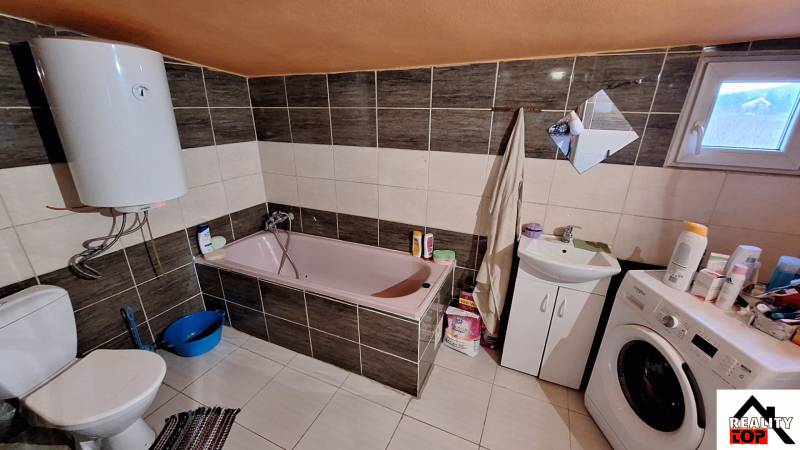 A bathroom in a family house with a bathtub, washing machine, and electric boiler.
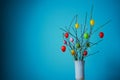White vase with a branch decorated with Easter eggs Royalty Free Stock Photo
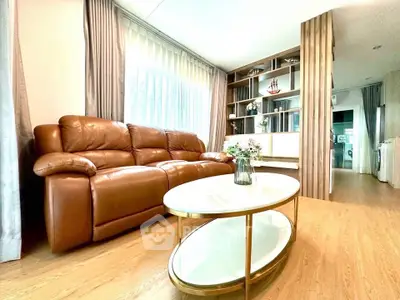 Spacious living room with leather sofa and elegant decor in modern apartment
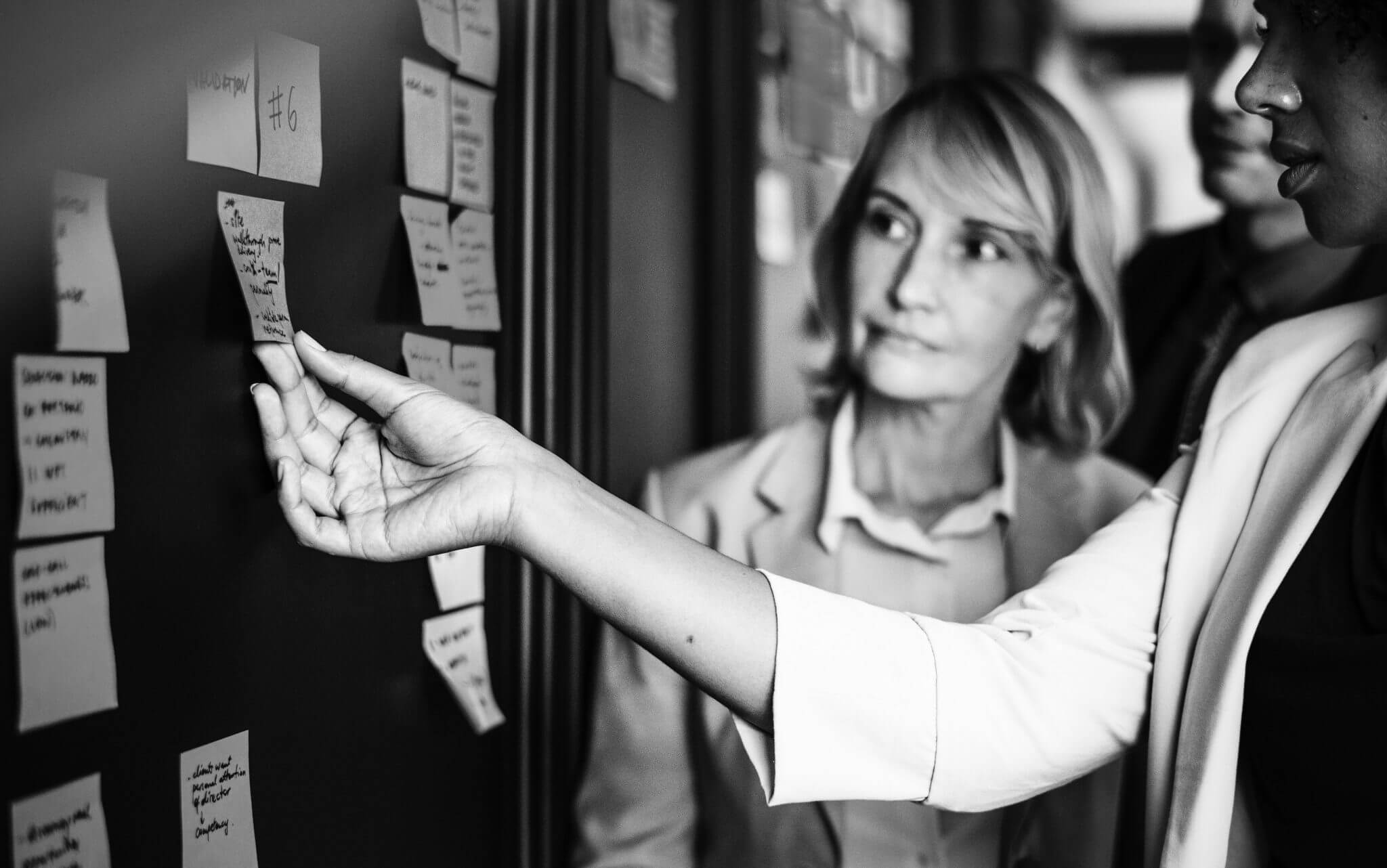 An employee showing her boss an idea on a whiteboard. An employee showing her boss an idea on a whiteboard.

== == ==

> **Exercise requirements**
An exact copy of the listing is required, with every image removed.

> **Task result**
 A bathroom in a family house with a bathtub, washing machine, and electric boiler.
White vase with a branch decorated with Easter eggs Royalty Free Stock Photo
 Spacious living room with leather sofa and elegant decor in modern apartment
 An employee showing her boss an idea on a whiteboard. An employee showing her boss an idea on a whiteboard.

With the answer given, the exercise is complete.